Laurent Fabius ? "Très interventionniste". Jacques Chirac, Édouard Balladur, Valéry Giscard d'Estaing ou encore Laurent Fabius, tous, selon Hervé Bourges, ont tenté, à un moment donné, de dicter leur conduite aux journalistes. Concernant Laurent Fabius, Hervé Bourges a d'ailleurs livré une petite anecdote sur l'ancien Premier ministre de 1984 à 1986. "Je me souviens d'une fois où il m'a dit : 'Le président souhaite que...' (...) Mais Mitterrand m'avait dit : 'Le jour où quelqu'un vous dit ça, dites lui : 'Que le président s'adresse directement à moi'".

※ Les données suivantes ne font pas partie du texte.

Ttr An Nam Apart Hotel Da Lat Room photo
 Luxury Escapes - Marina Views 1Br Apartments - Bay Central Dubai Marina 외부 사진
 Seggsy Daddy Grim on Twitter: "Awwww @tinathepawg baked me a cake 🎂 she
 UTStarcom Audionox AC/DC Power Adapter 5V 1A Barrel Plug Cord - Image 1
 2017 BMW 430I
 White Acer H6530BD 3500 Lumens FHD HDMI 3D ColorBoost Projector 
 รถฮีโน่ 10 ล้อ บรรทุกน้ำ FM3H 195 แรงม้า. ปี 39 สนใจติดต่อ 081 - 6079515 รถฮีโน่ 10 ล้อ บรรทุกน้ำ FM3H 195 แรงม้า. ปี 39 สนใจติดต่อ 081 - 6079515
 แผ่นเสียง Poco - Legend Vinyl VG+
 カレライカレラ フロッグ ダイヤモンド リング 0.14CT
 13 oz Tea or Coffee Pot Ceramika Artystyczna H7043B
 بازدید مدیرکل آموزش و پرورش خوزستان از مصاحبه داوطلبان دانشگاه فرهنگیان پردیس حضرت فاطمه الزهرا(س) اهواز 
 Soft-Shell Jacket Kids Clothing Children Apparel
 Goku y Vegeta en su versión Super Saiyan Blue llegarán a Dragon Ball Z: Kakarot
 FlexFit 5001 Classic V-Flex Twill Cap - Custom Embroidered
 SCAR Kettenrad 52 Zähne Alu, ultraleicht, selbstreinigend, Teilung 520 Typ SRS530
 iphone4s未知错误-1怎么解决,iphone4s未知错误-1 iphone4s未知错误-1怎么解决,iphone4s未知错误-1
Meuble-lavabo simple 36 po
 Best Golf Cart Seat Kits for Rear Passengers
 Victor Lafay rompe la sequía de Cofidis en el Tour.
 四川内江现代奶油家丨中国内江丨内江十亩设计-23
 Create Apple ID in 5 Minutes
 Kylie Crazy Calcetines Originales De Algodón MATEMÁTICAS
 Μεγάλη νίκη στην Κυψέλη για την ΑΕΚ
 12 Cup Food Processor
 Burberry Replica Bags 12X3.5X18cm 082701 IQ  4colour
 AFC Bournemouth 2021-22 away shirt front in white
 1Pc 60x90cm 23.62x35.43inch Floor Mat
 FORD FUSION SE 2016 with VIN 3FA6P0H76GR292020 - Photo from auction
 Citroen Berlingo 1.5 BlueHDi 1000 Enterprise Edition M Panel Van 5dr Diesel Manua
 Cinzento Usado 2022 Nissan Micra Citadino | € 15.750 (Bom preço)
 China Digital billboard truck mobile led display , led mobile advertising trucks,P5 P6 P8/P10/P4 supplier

Pierre Mauroy laissait tranquille les journalistes. Hervé Bourges se souvient aussi d'autres hommes politiques qui ne se cachaient pas, comme Nicolas Sarkozy qui "se voyait président de Radio France et des chaînes de télévision". D'après l'ancien dirigeant médiatique, les hommes politiques qui n'ont pas cherché à influencer les journalistes sont rares. "J'en connais un qui n'est jamais intervenu : c'est Pierre Mauroy. (...) Il avait même dit à ses collaborateurs : 'Laissez tranquille les journalistes'".